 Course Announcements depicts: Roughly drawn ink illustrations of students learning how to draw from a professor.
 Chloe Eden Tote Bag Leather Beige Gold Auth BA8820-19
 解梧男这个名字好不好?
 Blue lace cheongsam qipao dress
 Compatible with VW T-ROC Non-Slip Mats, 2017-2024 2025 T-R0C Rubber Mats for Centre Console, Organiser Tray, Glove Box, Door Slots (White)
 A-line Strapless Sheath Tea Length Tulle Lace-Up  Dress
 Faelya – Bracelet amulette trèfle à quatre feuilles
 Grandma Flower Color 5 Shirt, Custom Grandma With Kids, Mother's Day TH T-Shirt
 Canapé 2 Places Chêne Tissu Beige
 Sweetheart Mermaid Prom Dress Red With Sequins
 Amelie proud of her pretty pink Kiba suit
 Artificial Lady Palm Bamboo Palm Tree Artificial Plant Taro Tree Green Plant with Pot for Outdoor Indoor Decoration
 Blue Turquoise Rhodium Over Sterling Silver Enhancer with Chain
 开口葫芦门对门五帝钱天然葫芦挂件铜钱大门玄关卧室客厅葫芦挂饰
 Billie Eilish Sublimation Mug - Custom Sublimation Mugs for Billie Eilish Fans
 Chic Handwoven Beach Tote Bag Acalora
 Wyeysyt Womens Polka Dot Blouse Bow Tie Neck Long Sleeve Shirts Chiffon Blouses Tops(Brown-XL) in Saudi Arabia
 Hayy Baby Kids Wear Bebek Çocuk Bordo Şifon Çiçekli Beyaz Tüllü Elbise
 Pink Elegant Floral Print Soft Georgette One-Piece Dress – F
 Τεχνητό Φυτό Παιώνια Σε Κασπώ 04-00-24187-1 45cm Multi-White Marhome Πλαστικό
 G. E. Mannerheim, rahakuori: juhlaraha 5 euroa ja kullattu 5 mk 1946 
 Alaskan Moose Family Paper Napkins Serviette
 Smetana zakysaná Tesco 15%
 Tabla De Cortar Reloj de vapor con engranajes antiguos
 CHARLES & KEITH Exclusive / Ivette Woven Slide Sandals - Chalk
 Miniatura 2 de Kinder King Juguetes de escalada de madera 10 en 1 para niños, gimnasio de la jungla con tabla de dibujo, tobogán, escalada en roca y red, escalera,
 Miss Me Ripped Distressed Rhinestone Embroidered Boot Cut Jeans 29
--*--
Only the lines above from the line containing "Canapé 2 Places Chêne Tissu Beige" through the line containing "Wyeysyt Womens Polka" should be retyped, exactly and with both ends included.

*Output for this task*
 Canapé 2 Places Chêne Tissu Beige
 Sweetheart Mermaid Prom Dress Red With Sequins
 Amelie proud of her pretty pink Kiba suit
 Artificial Lady Palm Bamboo Palm Tree Artificial Plant Taro Tree Green Plant with Pot for Outdoor Indoor Decoration
 Blue Turquoise Rhodium Over Sterling Silver Enhancer with Chain
 开口葫芦门对门五帝钱天然葫芦挂件铜钱大门玄关卧室客厅葫芦挂饰
 Billie Eilish Sublimation Mug - Custom Sublimation Mugs for Billie Eilish Fans
 Chic Handwoven Beach Tote Bag Acalora
 Wyeysyt Womens Polka Dot Blouse Bow Tie Neck Long Sleeve Shirts Chiffon Blouses Tops(Brown-XL) in Saudi Arabia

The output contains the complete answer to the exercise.